Comment 6 Mary Holstege 2008-02-13 17:57:12 UTC
I think this is a good solution.  Are you proposing that we add something
explicit about being on a collation unit boundary?
Comment 7 Michael Kay 2008-02-13 18:46:30 UTC
>Are you proposing that we add something explicit about being on a collation unit boundary?

I would certainly like to tie the F+O reference to "[minimal] match" more closely to the terminology of the UCA rules.
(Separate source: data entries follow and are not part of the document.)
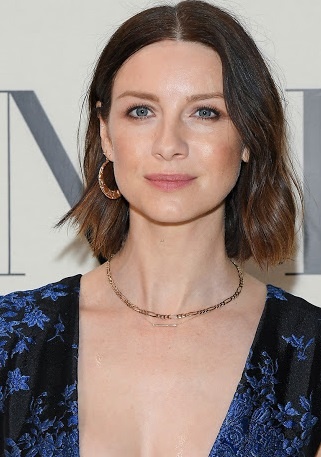 تألقت Caitriona Balfe برسمات المكياج البرونزي مع البلاشر الداكن واحمر الشفاه الطبيعي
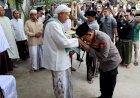 Silaturahmi-ke-Ponpes-Al-Hamidy-Banyuanyar,-Kapolri:-Tanpa-Dukungan-Ulama-Pekerjaan-Kami-Sangat-Berat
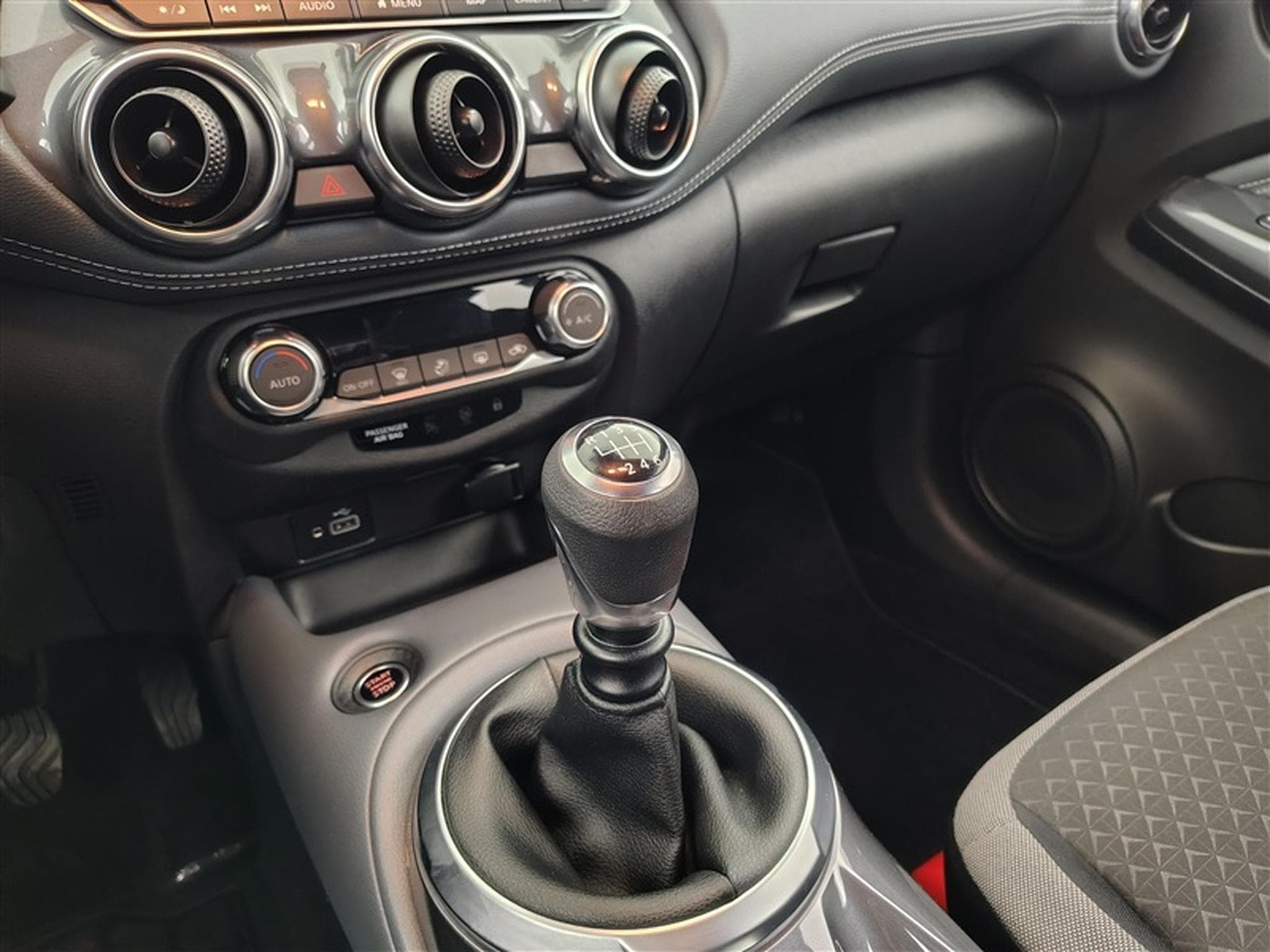 Nissan Juke 1.0 DIG-T 2WD N-Connecta (EU6AP) (2021) - Photo 12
The UCA rules are introduced by "Suppose there is a collation C, a pattern string P and a target string Q, and a boundary condition B." So I think we should probably say something like the following (taking contains() as our example): 

Returns true if and only if there is a minimal match, as defined in [UCA], under the following conditions:

* The pattern string P is $arg2

* The target string Q is $arg1

* The collation C is $collation if specified, or the default collation otherwise

* The boundary condition B is true between two characters that belong to different collation units, and is false between two characters that belong to the same collation unit.

This is essentially what the current F+O spec is trying to say when it talks about a "sequence of collation units" matching: it just doesn't use the UCA terminology.
Comment 8 Michael Kay 2008-03-11 13:55:47 UTC
At the joint meeting on 2008-03-04 it was agreed to issue an erratum incorporating the changes described in proposals #5 and #7. 

Erratum E17 has been drafted to reflect this resolution.